Le pouvoir au Gabon affirme sa faiblesse et son manque
d’audience nationale, et doit compter de plus en plus sur la répression pour
tenter de générer un semblant de respect. Au manque de légitimité s’ajoute le
défaut de stratégie, de visibilité et de stature du chef de l’Etat. En voulant
faire de Mba Obame coûte que coûte un exemple de châtiment et de
neutralisation, Ali Bongo veut donner un signal fort en direction de tous ceux
qui ont une velléité de braver son pouvoir.
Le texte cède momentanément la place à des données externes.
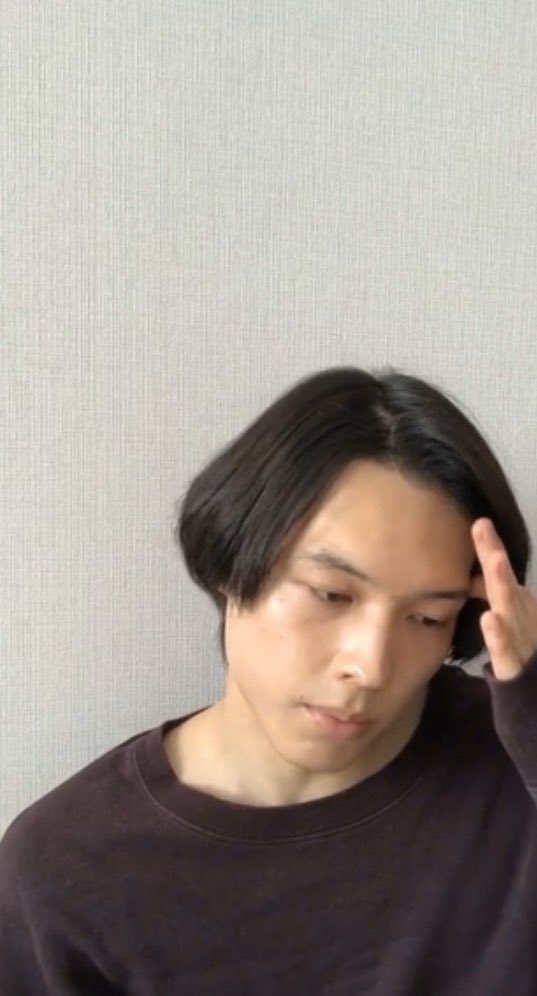 吉埜カンナ あとお兄さんマジレスすると 髪触った手で顔触る癖直した方がいい 永遠に肌荒れ治らん 私も同じ癖あるから今めっちゃ 直してるところ 松村北斗 松村北斗に届け T Co Ap9fbtanei Twitter 吉埜カンナ あとお兄さんマジレスすると 髪触った手で顔触る癖直した方がいい 永遠に肌荒れ治らん 私も同じ癖あるから今めっちゃ 直してるところ 松村北斗 松村北斗に届け T Co Ap9fbtanei Twitter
Par conséquent une fois de plus et
de trop Ali Bongo se disqualifie et prend la route de l’inconnu.
Les Fangs nouvel horizon du pouvoir ?
Et pour se débarrasser du fantôme qui l’empêche de dormir,
Ali est près à tout, même à sacrifier l’Unité Nationale. Le pouvoir veut
réduire le peuple Gabonais à une bande de moutons par le simple fait de traiter
les Fangs de tribalistes.
Le peuple Gabonais doit s’en offusquer et d’arrêter de se
complaire dans cette posture que lui ordonne son silence. Les Fangs, toujours les
Fangs, encore les Fangs ce que l’on peut entendre par ci, par là. Les Fangs
subissent la vindicte de la minorité et des faibles d’esprits, accusés de tous
les maux simplement parce qu’ils sont bouillonnants, nombreux et ont le
sentiment tous d’être brillants. D’ailleurs ce sentiment attise en eux un
certain complexe de supériorité qui est mal ressenti par les « autres ». A tel
point que quand les Fangs sont dans quelque choses les « autres » ont cette
phrase « les fangs ! Ils sont trop » et quand ils leur arrivent un malheur
c’est unanime « ils aiment trop faire le malin tant pis… ». Aussi, une relation
durable et de confiance doit s'installer entre les Fangs et les
"autres". les Fangs doivent plus de considérations aux « autres » et
les « autres » doivent arrêter de voir en les Fangs des éternels
envahisseurs.
Bien entendu, cet imaginaire populaire est du pain béni pour
le pouvoir qui l’use en abondance pour distraire, diviser, faire peur, empêcher
toute fédération du peuple et déplacer le débat social et politique sur les
démons de l’Ethnie et du tribalisme. Ne nous mentons pas, si nous ne pouvons
pas vivre ensemble, tous ensemble, prenons nos responsabilités. La nation est
fondée sur l’adhésion commune à un idéal du vivre ensemble. Si ce contrat social
ne tient plus la route, soit on le change, soit on le rompt. Dans ce cas,
n’ayons pas peur des mots c’est la Séparation. Evitons donc, d’en arriver à
cette extrémité et des outils existent pour ça ! Le concept de Nation, le
sentiment d’appartenance au peuple Gabonais, les critères de la République Une
et indivisible doivent prévaloir au-dessus de Tout et de Tous.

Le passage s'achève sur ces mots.